Spitalfields neighbourhood planning forum’s James Frankcom pointed out: “This is a town centre on the City Fringe of central London with a night economy and 1.8million visitors a year.
“It has overflowing bins, anti-social behaviour with people using the streets as a toilet and children who can’t play outside because of drug syringes.
“Opponents don’t understand that the precept doesn’t come from the council, but from those living within the town boundary paying slightly extra on their annual tax. They talk about the boundary as a ‘Berlin Wall’. But this misrepresentation dismays me that the local Labour party doesn’t understand where a parish council gets its money from.”
He added. “I’m ashamed walking in my street past rubbish and mess which Tower Hamlets has had years to fix—but they don’t.”
He was backed by Tory Cllr Andrew Wood, secretary of the Isle of Dogs planning forum which is looking at the idea of a similar town council set up.
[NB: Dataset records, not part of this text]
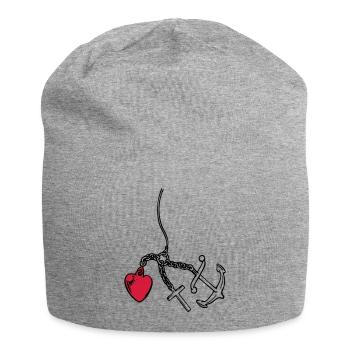 glaube liebe hoffnung herz - Jersey-Beanie - Grau meliert - Vorne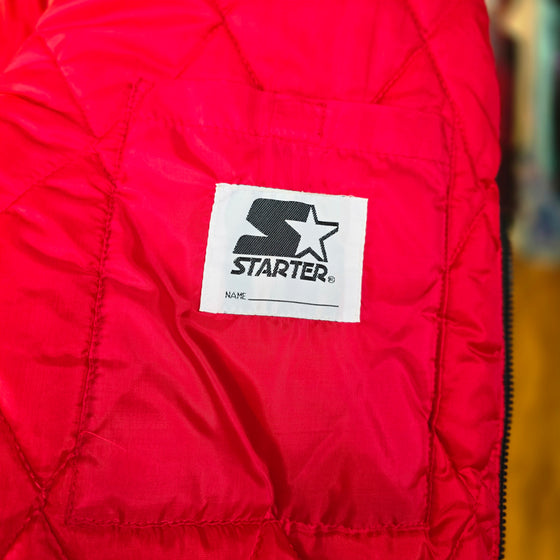 STARTER NHL Black/Red Chicago Blackhawks Puff Jacket XL - PopRock Vintage. The cool quotes t-shirt store.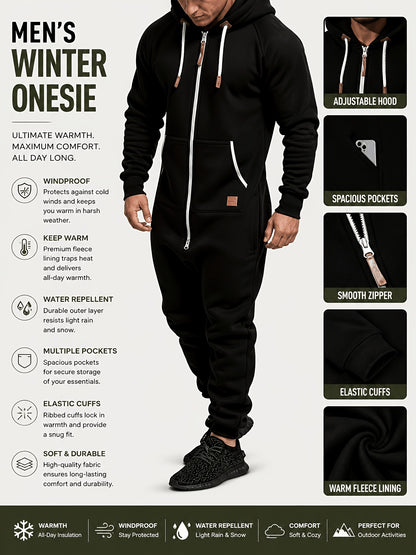 A Men's Hooded Fleece-lined Jumpsuit, Long Sleeve, Full Zip Jumpsuit with Kangaroo Pocket, Suitable for Spring Travel And Seaside Trips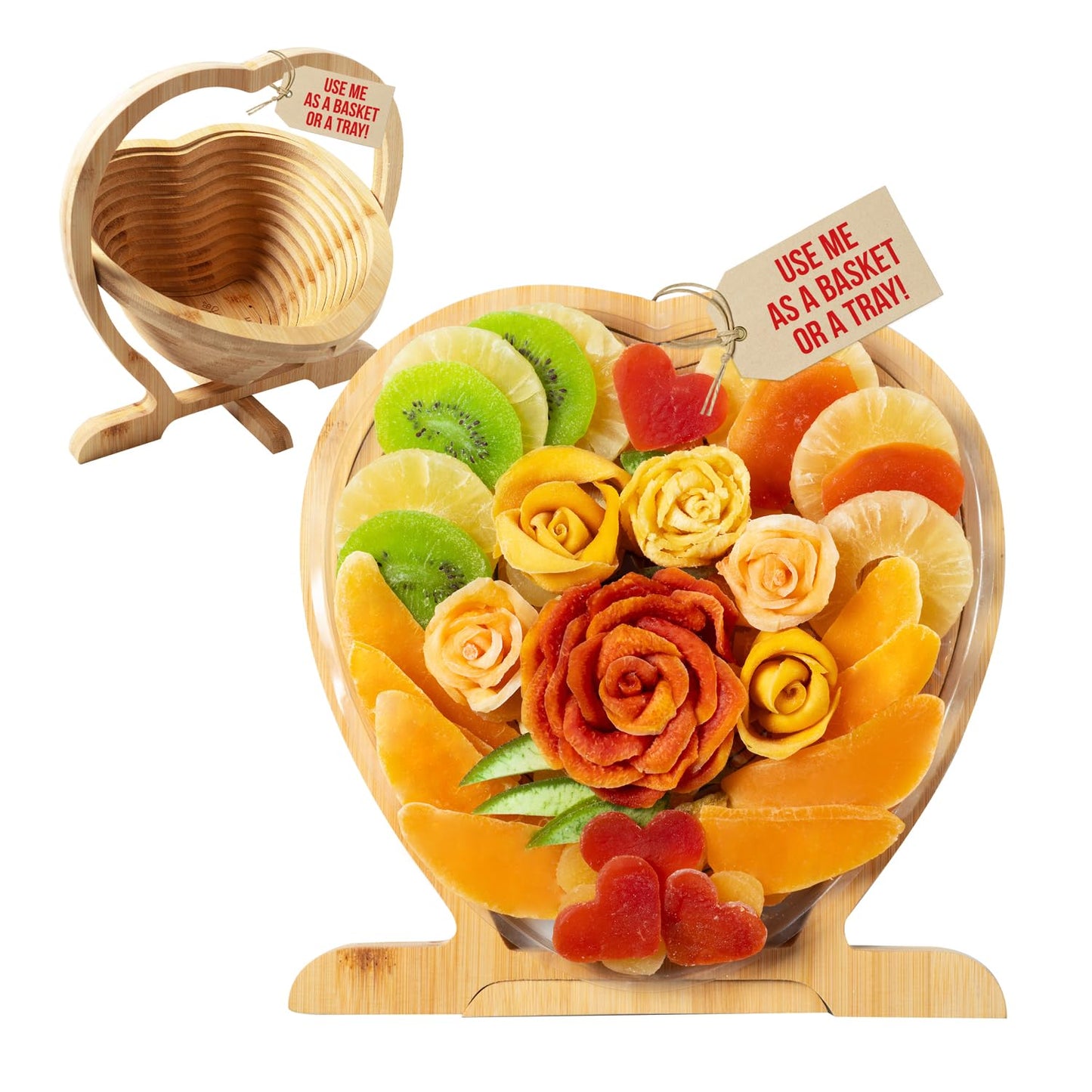 Dried Fruit Heart Food Tray - Healthy Gourmet Snack Box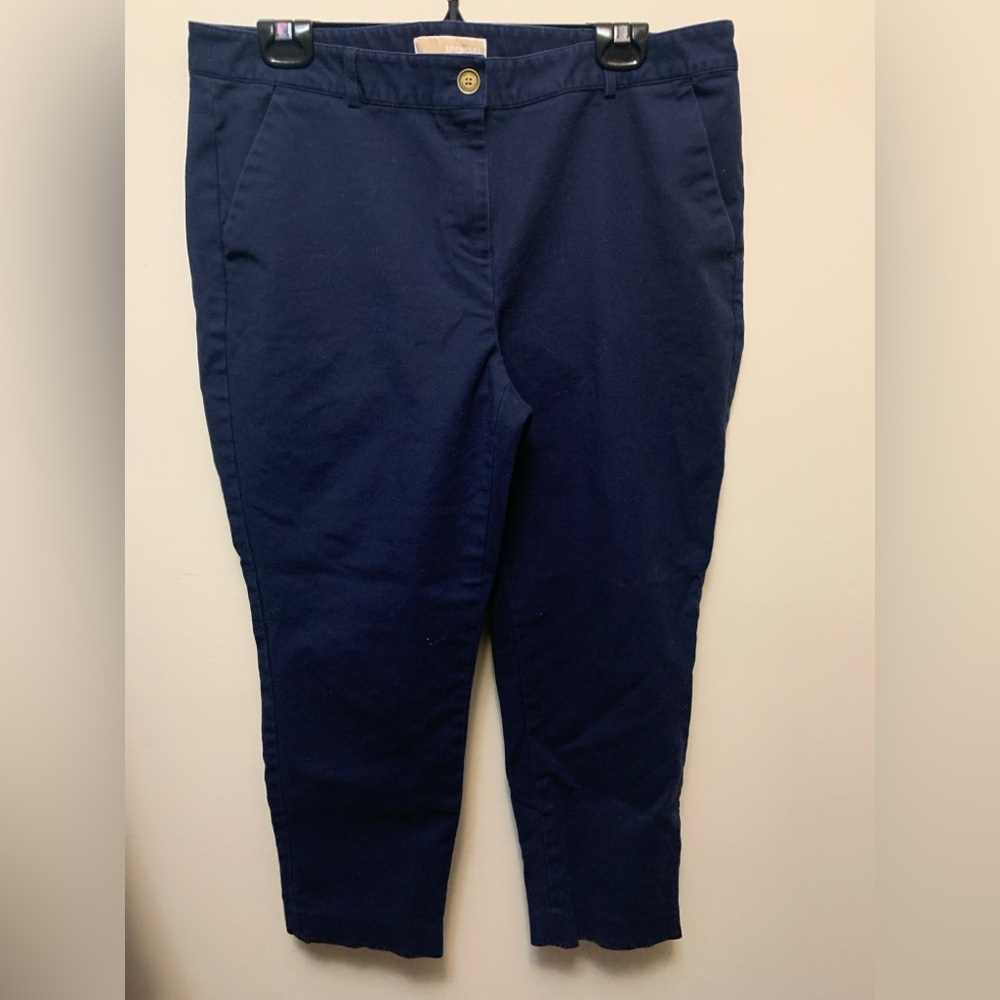MICHAEL KORS Navy Blue Cropped Cotton Pants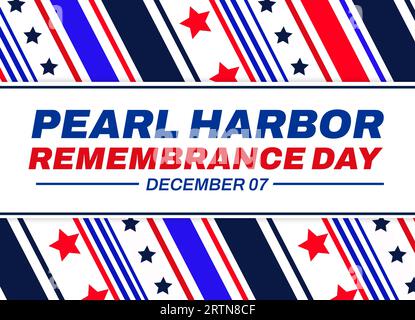 Sfondo del giorno della memoria di Pearl Harbor con stelle e tipografia al centro. Sfondo del concetto patriottico degli Stati Uniti Foto Stock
A parish council only has limited powers because of its limited role looking after street cleansing, allotments, writing byelaws for parks, bus shelters, crime prevention, litter and broken pavements, he pointed out, while Labour-controlled Tower Hamlets Council would still run public services like education, social welfare, licensing and town planning.
The ‘no’ campaigners brought in the Dean of Tower Hamlets, Andy Ruder, Rector of Spitalfields, who challenged the proposed boundary that he felt would cut Spitalfields in half, taking away the commercial area with its Georgian buildings “which to me seems nuts”.
He added: “A town council is a bunch of independents elected by a small number of people who won’t have the same clout as the local authority.”
The GLA’s Unmesh Desai, who represents east London at City Hall for Labour, also rejected the idea of a town council as “something prehistoric”, but conceded that the present local government wasn’t perfect.
Spitalfields was once a self-governing civil parish set up in 1729 until it was absorbed into the Metropolitan Borough of Stepney in 1911, which itself was merged into the new, bigger London Borough of Tower Hamlets in 1965.
But its heritage goes back centuries before 1729. The name Spitalfields comes from St Mary Spital, Middle English for ‘hospital’, or ‘spittle’. It is first recorded in 1197 as fields belonging to St Mary Spital priory and later appears on the 1561 map of London as ‘Spyttlefeildes’.